According to the report by The Mirror, Kim Jong Un wants parents to to give their children names with a final consonant and has threatened to fine those who do not comply, reportedly believing that names without a final consonant are "anti-socialist".

The report by the Mirror quoted an anonymous resident saying, “Residents are complaining that the authorities are forcing people to change their names according to the standards required by the state. Starting last month, notices have been constantly issued at the neighbourhood-watch unit's residents' meetings to correct all names without final consonants."

The resident added, "People with names that don't have a final consonant have until the end of the year to add political meanings to their name to meet revolutionary standards."

North Korea has flagged the similarity of names between North and South Korea. The resident added that new government's latest crackdown was to ensure that "new generation's name would reflect the current era of starvation and oppression".

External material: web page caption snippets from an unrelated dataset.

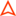geoscan-it.ru favicon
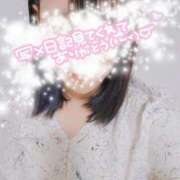 ヒメ日記 2025/09/15 00:43 投稿 すみれ デリヘルパラダイス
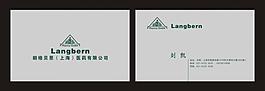 名片 卡片圖片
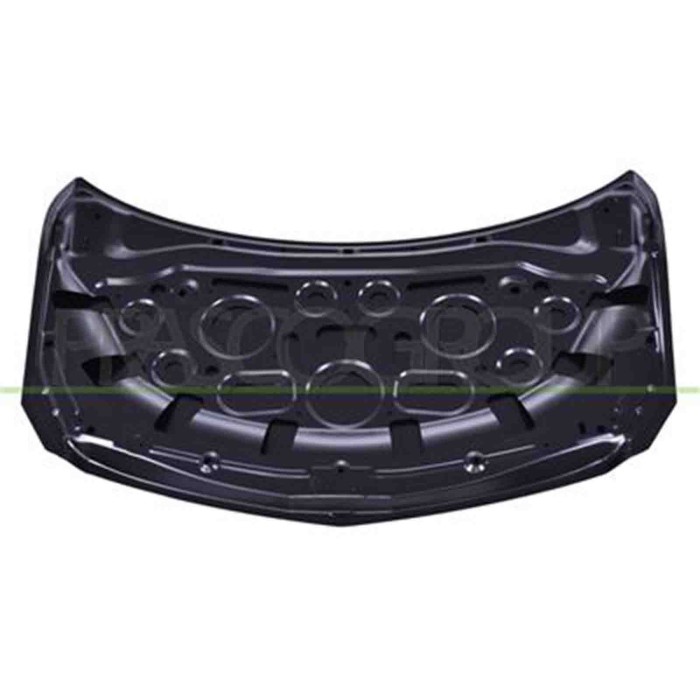 ME4243100_3.JPG Cofano Per Mercedes B Class (w246) Dal 2011 Al 2014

"The order of the judicial authority to immediately change anti-socialist names has been emphasized at every residents' meeting since October," they said.

North Korean officials say that names must not be similar to those in South Korea, as tensions continue to rise between the two countries following a spate of missile tests conducted by the North along the contested border region.

North Korea fired about 130 artillery rounds on Monday into the water near its western and eastern sea borders with South Korea, the latest military action contributing to worsening relations between the neighbors.

North Korea’s military said the firings were a warning against ongoing South Korean artillery exercises near the inland border town of Cheorwon and blamed the South for worsening tensions.